United States District Court, W.D. Michigan, Southern Division
Aug 28, 2009
Case No. 1:09-CV-361 (W.D. Mich. Aug. 28, 2009)

Opinion

Case No. 1:09-CV-361.

August 28, 2009


OPINION


Plaintiffs, Sandra Robinson and Scott Britton, through counsel, filed their Complaint in this case on April 17, 2009, against Defendants VanDyk Mortgage ("VanDyk"), Rivertrust Mortgage Inc., d/b/a United Financial, Litton Loan Servicing, GMAC Mortgage ("GMAC"), The Bank of New York Trust Company ("BNYTC"), The Bank of New York Mellon Trust Company ("BNYMTC"), and JP Morgan Chase Bank NA ("JP Morgan"). Plaintiffs allege federal claims under the Truth in Lending Act ("TILA"), 15 U.S.C. § 1601, et seq., and the Real Estate Settlement Procedures Act ("RESPA"), 12 U.S.C. § 2601, et seq., and state law claims for violation of the Michigan Mortgage Brokers, Lenders, and Servicers Act, M.C.L.A. § 445.1651, et seq.; breach of fiduciary duty; civil conspiracy; innocent misrepresentation; fraud; wrongful foreclosure; slander of title; violation of the Michigan Consumer Protection Act, M.C.L.A. 445.901, et seq.; and intentional infliction of emotional distress.

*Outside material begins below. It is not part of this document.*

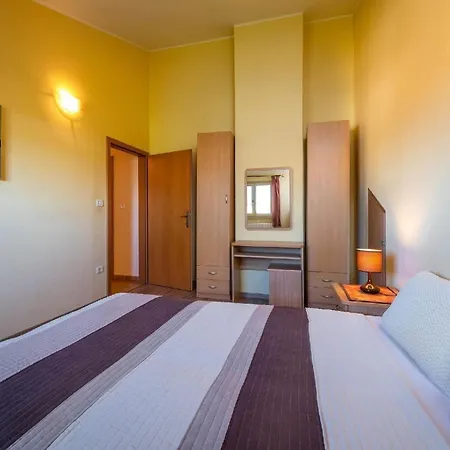 Strandnahe Mit Uberdachtem Balkon Und Garten Apartman *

GMAC, BNYTC, BNYMTC, and JP Morgan have moved for dismissal of all claims. Plaintiffs failed to respond to the motion within the time required by Local Rule 7.2(c). For the reasons set forth below, the Court will dismiss Plaintiffs' TILA and RESPA claims as time-barred and dismiss the state law claims without prejudice pursuant to 28 U.S.C. § 1367(c)(3).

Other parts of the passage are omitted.